June 2016 Member Spotlight: Margaret Ritsch, APR
June 2016 Member Spotlight: Margaret Ritsch, APR
Job Title/Company: Director, Roxo, and instructor at TCU
College/Degree/Graduation Date: University of Wisconsin-Madison, M.A. Journalism 1987. College of William and Mary, B.A. English, 1980
Hometown: Greenville, S.C.
Position within GFW PRSA (i/a): Member
Childhood ambition (what did you want to be when you grew up?): An actress, believe it or not!
Current livelihood (what you’re actually doing as a grown-up): I oversee a student advertising/public relations agency at TCU called Roxo. I also teach courses such as Strategic Communication Campaigns and Diversity and provide academic advising to a few dozen students.

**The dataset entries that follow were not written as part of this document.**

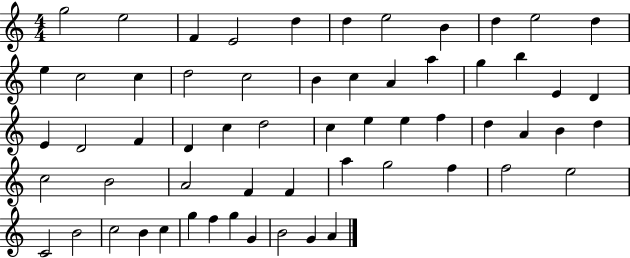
X:1
T:Untitled
M:4/4
L:1/4
K:C
g2 e2 F E2 d d e2 B d e2 d e c2 c d2 c2 B c A a g b E D E D2 F D c d2 c e e f d A B d c2 B2 A2 F F a g2 f f2 e2 C2 B2 c2 B c g f g G B2 G A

First PR job: Straight out of college I got a job as an assistant advertising manager at a rapidly growing video-electronics company, Erols, in Northern Virginia. I established its first employee publication, which grew quickly in popularity and won the CEO’s direct involvement. I’d like to consider this my first PR job!

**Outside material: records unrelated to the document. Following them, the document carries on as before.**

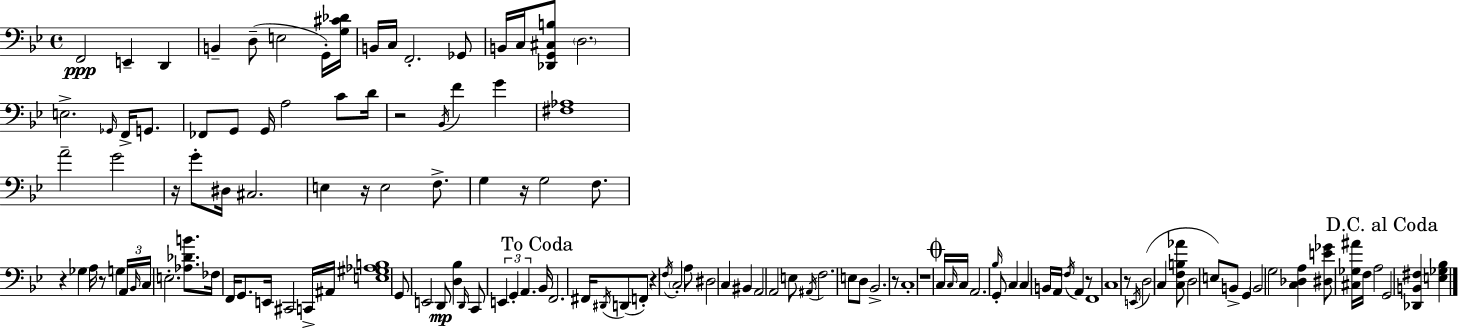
X:1
T:Untitled
M:4/4
L:1/4
K:Gm
F,,2 E,, D,, B,, D,/2 E,2 G,,/4 [G,^C_D]/4 B,,/4 C,/4 F,,2 _G,,/2 B,,/4 C,/4 [_D,,G,,^C,B,]/2 D,2 E,2 _G,,/4 F,,/4 G,,/2 _F,,/2 G,,/2 G,,/4 A,2 C/2 D/4 z2 _B,,/4 F G [^F,_A,]4 A2 G2 z/4 G/2 ^D,/4 ^C,2 E, z/4 E,2 F,/2 G, z/4 G,2 F,/2 z _G, A,/4 z/2 G, A,,/4 _B,,/4 C,/4 E,2 [_A,_DB]/2 _F,/4 F,,/4 G,,/2 E,,/4 ^C,,2 C,,/4 ^A,,/4 [E,^G,_A,B,]4 G,,/2 E,,2 D,,/2 [D,_B,] D,,/4 C,,/2 E,, G,, A,, _B,,/4 F,,2 ^F,,/4 ^D,,/4 D,,/2 F,,/2 z F,/4 C,2 A,/2 ^D,2 C, ^B,, A,,2 A,,2 E,/2 ^A,,/4 F,2 E,/2 D,/2 _B,,2 z/2 C,4 z4 C,/4 C,/4 C,/4 A,,2 _B,/4 G,,/2 C, C, B,,/4 A,,/4 F,/4 A,, z/2 F,,4 C,4 z/2 E,,/4 D,2 C, [C,F,B,_A]/2 D,2 E,/2 B,,/2 G,, B,,2 G,2 [C,_D,A,] [^D,E_G]/2 [^C,_G,^A]/4 F,/4 A,2 G,,2 [_D,,B,,^F,] [E,_G,_B,]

What you know now that you wish you’d known then: I was unaware that internal communications is an important subset of the public relations profession. I had majored in English at a liberal arts college, which offered no coursework in professional fields like public relations.

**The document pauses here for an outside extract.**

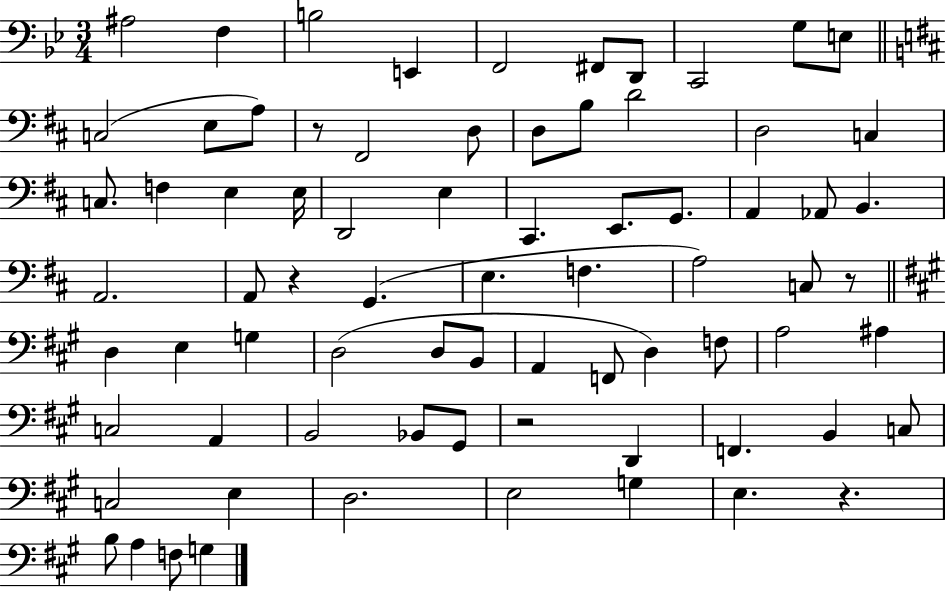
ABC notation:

Best piece of advice you’ve ever received: Trust your gut.
Greatest professional or personal accomplishment: Building a wildly successful student advertising/public relations firm at TCU.
If you weren’t in PR, you’d be: A creative director at Droga5 in New York!
Desired legacy: To inspire young people to pursue not only a career in public relations, but also a way that they can contribute to the social good.
Why did you originally join PRSA: I had landed a job as the director of communications for a small company in Delaware, and realized I knew nothing about corporate communications! I owe my entire education in public relations to PRSA workshops, conferences and seminars.
Finally, tell us about your hometown and what makes it cool: I don’t really have a hometown. I was born in Greenville, S.C. but have no memories and we moved frequently during my childhood. I have lived longest in the Washington, D.C. area (11 years) and in Fort Worth (12 years). Fort Worth is much cooler than D.C.! To me, D.C. means traffic, a high-pressure work culture and too many people who believe they are very, very important. I absolutely love Fort Worth’s big sky, slower pace, lack of pretension, friendly people. This is now my hometown.